While he’s competed on Conroe in four previous Toyota Texas Bass Classics, those were autumn events, when fishing pressure was far less.
A “Big Bass” tournament already had 900 people fishing on Conroe earlier this month. And while this lake is hugely popular for bass fishing, add-in all the pleasure boat traffic between its seawalls, and it’s understandable the largemouth are likely to be a bit more fickle in March than October.

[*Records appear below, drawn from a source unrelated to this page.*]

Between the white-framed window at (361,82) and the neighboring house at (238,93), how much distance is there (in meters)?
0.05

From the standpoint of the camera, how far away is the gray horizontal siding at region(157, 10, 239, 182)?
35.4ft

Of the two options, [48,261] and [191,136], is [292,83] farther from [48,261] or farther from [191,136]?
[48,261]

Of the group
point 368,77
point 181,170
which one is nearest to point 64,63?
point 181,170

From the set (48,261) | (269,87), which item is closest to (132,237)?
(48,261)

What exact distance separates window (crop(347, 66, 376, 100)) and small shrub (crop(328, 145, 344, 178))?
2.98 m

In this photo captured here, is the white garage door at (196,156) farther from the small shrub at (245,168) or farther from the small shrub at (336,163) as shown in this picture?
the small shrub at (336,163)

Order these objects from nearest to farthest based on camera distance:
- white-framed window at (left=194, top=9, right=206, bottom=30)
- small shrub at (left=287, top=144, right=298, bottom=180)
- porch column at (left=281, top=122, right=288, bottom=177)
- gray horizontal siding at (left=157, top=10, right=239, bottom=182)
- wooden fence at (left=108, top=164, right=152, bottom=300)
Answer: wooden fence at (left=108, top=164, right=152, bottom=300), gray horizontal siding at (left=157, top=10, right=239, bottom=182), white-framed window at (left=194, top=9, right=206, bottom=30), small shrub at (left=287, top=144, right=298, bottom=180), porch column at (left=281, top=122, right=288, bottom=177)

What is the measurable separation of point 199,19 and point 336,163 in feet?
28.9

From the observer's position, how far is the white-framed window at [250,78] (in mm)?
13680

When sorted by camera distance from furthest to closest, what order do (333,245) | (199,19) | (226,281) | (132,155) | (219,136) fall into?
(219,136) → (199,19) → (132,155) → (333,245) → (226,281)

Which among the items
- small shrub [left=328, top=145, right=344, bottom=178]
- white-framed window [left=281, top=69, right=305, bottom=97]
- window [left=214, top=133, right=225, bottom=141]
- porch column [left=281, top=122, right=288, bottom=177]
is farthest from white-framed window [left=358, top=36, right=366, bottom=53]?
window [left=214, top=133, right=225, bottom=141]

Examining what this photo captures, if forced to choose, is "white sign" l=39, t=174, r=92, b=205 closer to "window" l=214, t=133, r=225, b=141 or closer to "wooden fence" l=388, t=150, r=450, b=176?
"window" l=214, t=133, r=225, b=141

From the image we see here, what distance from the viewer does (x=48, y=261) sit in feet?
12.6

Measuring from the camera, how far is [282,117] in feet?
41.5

“It took 27 pounds to win a team event here the other day, but I’ve got a feeling some of those fish may have come from spawning beds, and honestly there’s just not much clear water here to focus on catching spawning fish for three days,” says Swindle.

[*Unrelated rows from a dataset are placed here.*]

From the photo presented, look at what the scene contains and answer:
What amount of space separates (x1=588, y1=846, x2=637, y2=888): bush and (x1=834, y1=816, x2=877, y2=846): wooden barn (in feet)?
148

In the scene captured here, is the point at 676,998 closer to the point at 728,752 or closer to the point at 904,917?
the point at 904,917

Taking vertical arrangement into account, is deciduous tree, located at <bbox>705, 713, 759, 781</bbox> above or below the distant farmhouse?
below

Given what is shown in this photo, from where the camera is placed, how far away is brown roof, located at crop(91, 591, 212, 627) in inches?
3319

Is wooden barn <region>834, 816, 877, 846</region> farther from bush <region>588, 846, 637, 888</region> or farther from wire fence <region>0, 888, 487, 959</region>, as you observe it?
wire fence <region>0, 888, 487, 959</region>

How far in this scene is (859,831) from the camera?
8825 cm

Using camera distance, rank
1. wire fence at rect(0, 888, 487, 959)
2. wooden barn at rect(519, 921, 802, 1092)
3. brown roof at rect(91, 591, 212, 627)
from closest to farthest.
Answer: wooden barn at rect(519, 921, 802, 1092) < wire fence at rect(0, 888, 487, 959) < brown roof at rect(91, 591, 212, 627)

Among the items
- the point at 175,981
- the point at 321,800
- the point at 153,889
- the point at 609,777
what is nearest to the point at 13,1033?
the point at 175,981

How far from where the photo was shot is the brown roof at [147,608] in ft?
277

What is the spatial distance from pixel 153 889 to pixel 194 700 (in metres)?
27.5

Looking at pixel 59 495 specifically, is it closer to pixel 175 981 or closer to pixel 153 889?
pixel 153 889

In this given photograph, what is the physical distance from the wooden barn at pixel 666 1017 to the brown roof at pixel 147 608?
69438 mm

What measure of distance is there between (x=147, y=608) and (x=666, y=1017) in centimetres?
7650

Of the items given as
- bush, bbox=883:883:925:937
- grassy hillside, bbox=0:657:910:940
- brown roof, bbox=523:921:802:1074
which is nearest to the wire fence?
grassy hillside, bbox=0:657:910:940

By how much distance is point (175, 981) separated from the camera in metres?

Fat Singles Versus Big Schools – While Swindle says there are bass in all three phases of the spawn right now; the likelihood of finding an offshore mega-school is a long shot.

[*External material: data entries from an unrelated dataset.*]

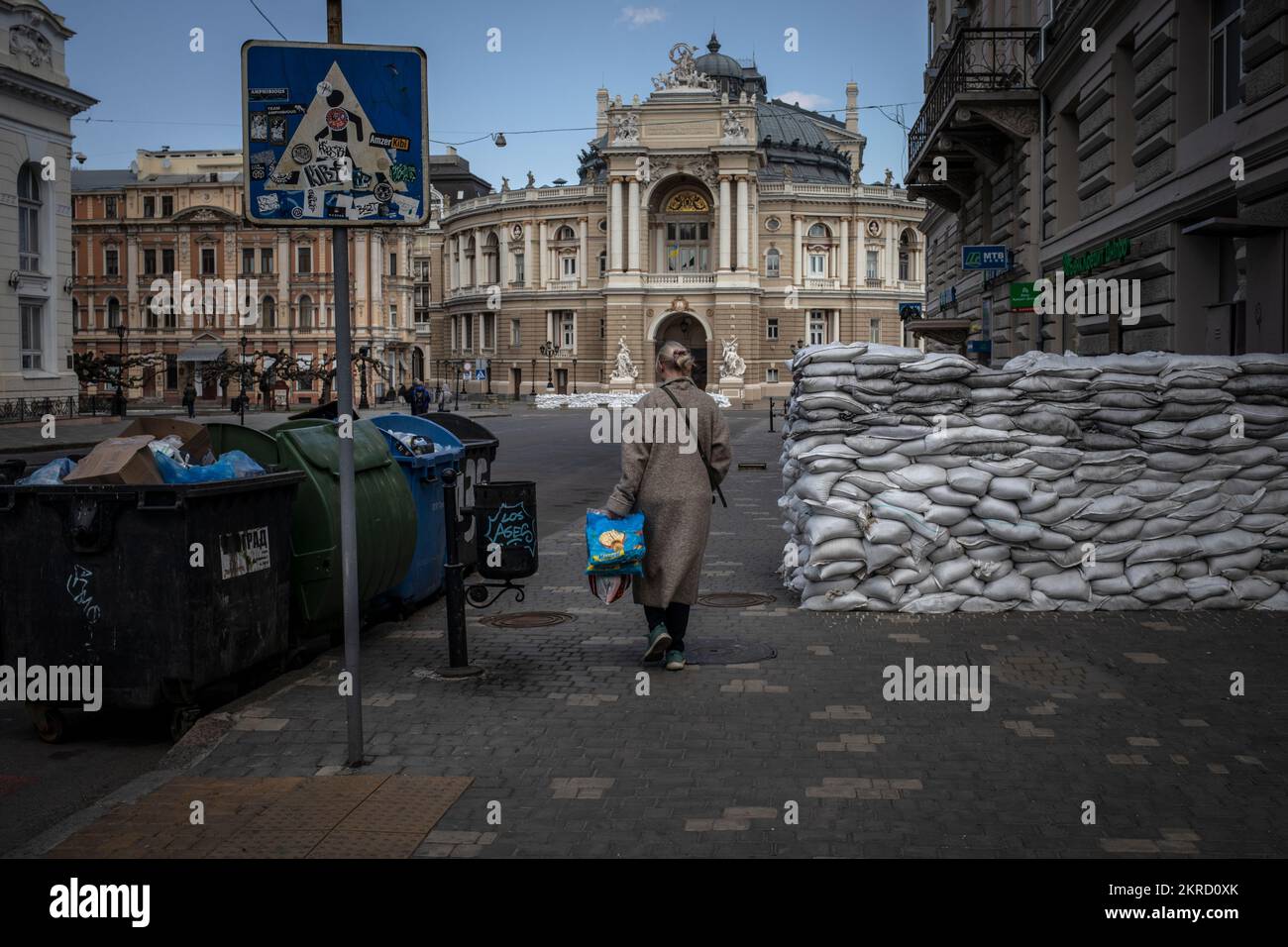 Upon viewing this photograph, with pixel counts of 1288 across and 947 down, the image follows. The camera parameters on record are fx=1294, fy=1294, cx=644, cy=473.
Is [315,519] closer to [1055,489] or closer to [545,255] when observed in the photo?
[1055,489]

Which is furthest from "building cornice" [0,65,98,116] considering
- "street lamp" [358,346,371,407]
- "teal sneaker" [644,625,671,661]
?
"teal sneaker" [644,625,671,661]

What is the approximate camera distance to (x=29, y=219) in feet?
140

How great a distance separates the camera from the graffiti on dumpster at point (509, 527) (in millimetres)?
8039

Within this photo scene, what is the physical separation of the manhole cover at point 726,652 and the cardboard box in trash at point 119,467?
334cm

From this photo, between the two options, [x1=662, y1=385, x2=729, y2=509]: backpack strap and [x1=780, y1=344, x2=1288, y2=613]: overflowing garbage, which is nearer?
[x1=662, y1=385, x2=729, y2=509]: backpack strap

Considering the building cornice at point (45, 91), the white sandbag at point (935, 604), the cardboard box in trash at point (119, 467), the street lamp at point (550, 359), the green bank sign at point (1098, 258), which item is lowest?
the white sandbag at point (935, 604)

“This lake has never been a place with numerous schools of big fish – it’s got some giant bass in it – but it’s not like the Tennessee River where several guys can locate a school that might have a giant limit of fish in it,” he explains.
Worth noting is the 16” minimum length limit on Conroe which not only increases the challenge of catching a keeper-sized bass, but obviously increases the average weight of a 5-bass limit compared to most reservoirs B.A.S.S. visits where a 14” minimum length limit is more common.
5 Lures for 5 Fish Each Day – When asked to name five lures fans could expect to see most of the 52 competitors using this week, Swindle promptly rattled off the following as though you had asked for his phone number: ChatterBait, Spinnerbait, Jigs, Strike King Series 5 crankbaits, and a weightless Senko.
Finally, We’re Not Freezing – For years the Bassmaster Classic was a summertime event, but in 2006, it was moved to the February-March timeframe, and that’s brought frostbite threatening temperatures to venues like Tulsa, Oklahoma and Greenville, South Carolina.
It’s also brought a run of less than optimal performances for Swindle in the late winter derbies.
“I’ve qualified for 9 of the 11 Classics they’ve had in the winter, and if we’d have been dove hunting, I wouldn’t have cut a feather,” he says with self-depreciating humor.
“I’ve laid down a whole string of 26 and 27th place finishes, but finally I’ve got a Classic where I can feel comfortable enough to move around and make something happen,” he says.
“When it’s 15-degrees outside, and you’ve got hand warmers taped to the handles of your Quantum spinning rods, you’re just waiting on something good to happen,” says Swindle. “But when it’s 80-degrees outside, a guy like me feels like he can run around and make something good happen – and that’s a really big deal.”
“Nope, not gonna complain about the weather – that’s for sure,” says Swindle. “For the first time in years, you’ll actually be able to see who my sponsors are, because I won’t be dressed in long johns and covered up like an Eskimo.”
What Will it Take to Win? – “I’m gonna say if you average 20-pounds per day you could win,” says Swindle. Which is significantly less than what VanDam won with in New Orleans six years ago.
“There may be a 30-pound limit weighed-in here, and it just might be me – but you’re not gonna see those giant limits caught everyday.”
“I know this, I’m boat #1 at morning takeoff – and that counts for a lot here too,” grinned Swindle, who earned that top position as reigning Toyota Bassmaster Angler of the Year.
A shot at a 30-pound limit, shrimp the size of squirrels, and tall thermometers with high temps in the 80s – maybe everything is just a little bit bigger in Texas.